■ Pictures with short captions
>>>>

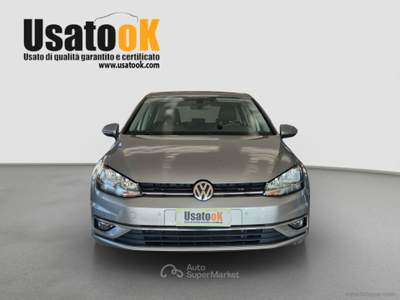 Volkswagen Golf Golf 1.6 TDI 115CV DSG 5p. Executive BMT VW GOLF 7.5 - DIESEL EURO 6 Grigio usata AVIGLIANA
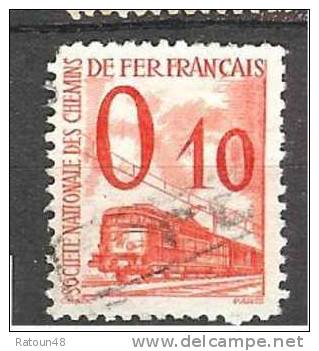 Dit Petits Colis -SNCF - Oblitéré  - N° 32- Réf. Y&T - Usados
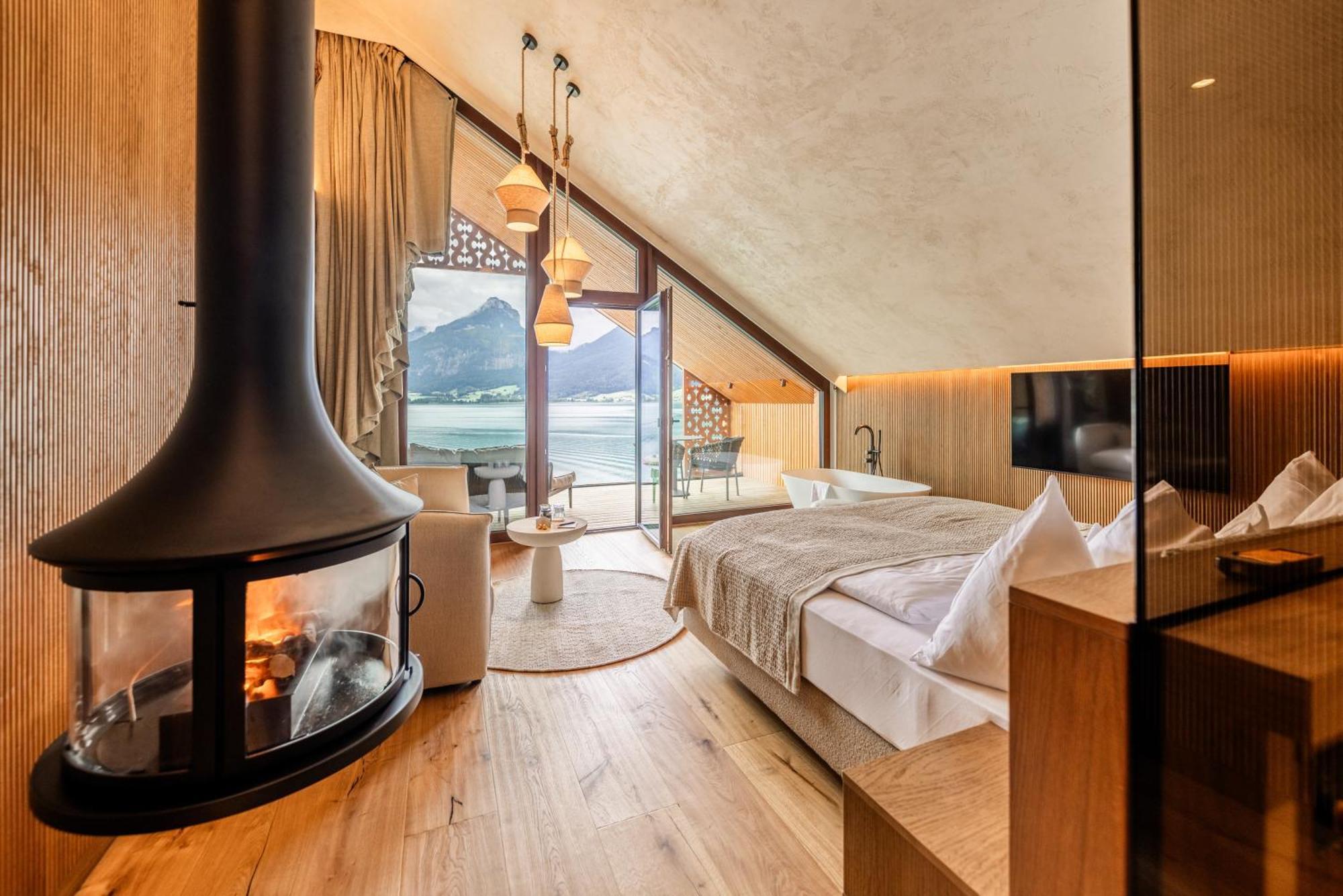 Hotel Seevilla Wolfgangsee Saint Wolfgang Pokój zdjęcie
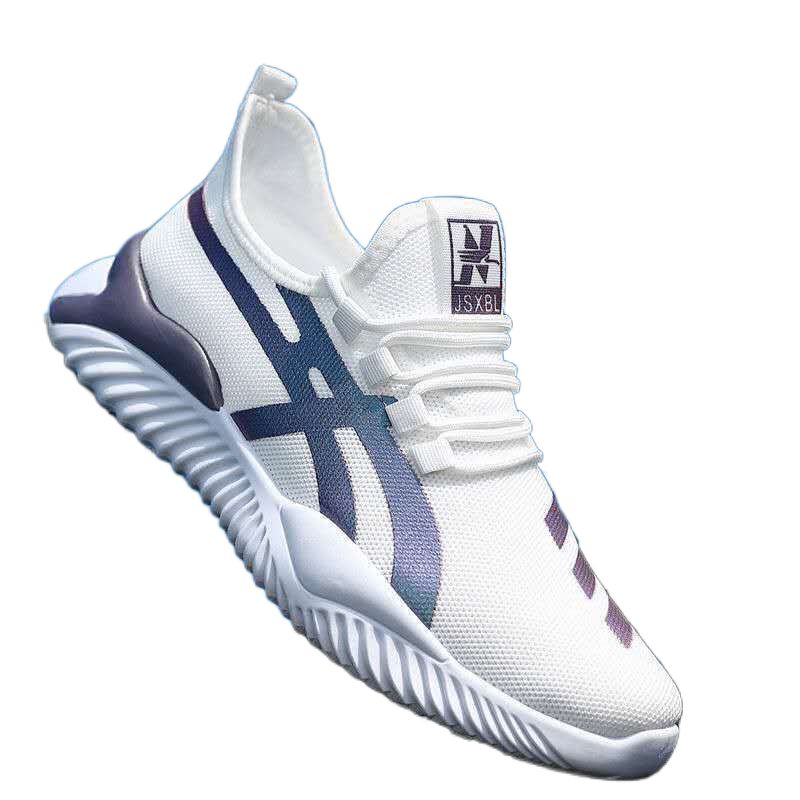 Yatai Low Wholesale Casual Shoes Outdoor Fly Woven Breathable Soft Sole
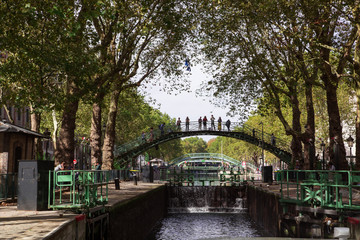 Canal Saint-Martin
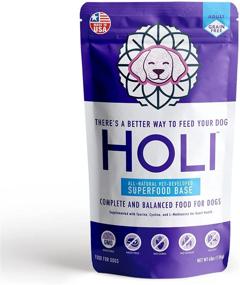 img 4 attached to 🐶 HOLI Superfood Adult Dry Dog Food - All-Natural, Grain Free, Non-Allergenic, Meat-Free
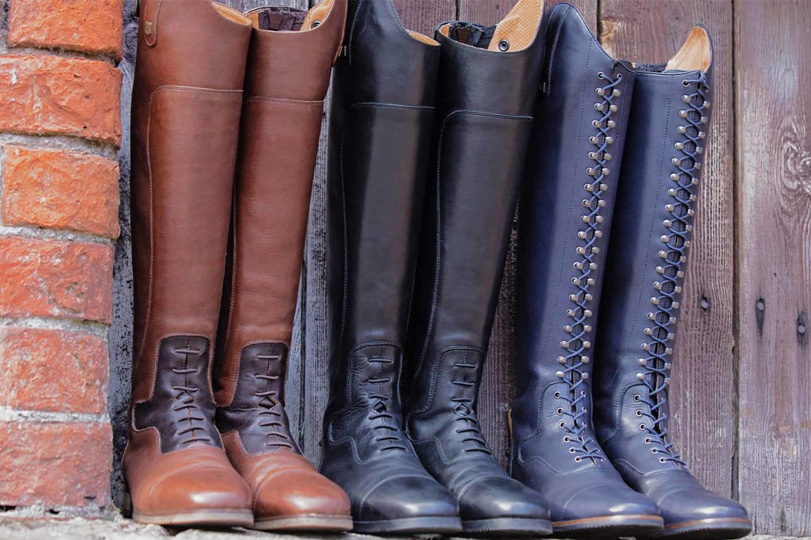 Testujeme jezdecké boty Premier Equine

<<<<

■ Exercise instructions
One exact copy of the data is required, and it should hold no pictures.

■ Solution for this problem
 Volkswagen Golf Golf 1.6 TDI 115CV DSG 5p. Executive BMT VW GOLF 7.5 - DIESEL EURO 6 Grigio usata AVIGLIANA
 Dit Petits Colis -SNCF - Oblitéré  - N° 32- Réf. Y&T - Usados
 Hotel Seevilla Wolfgangsee Saint Wolfgang Pokój zdjęcie
 Yatai Low Wholesale Casual Shoes Outdoor Fly Woven Breathable Soft Sole
 Canal Saint-Martin
 img 4 attached to 🐶 HOLI Superfood Adult Dry Dog Food - All-Natural, Grain Free, Non-Allergenic, Meat-Free
 Testujeme jezdecké boty Premier Equine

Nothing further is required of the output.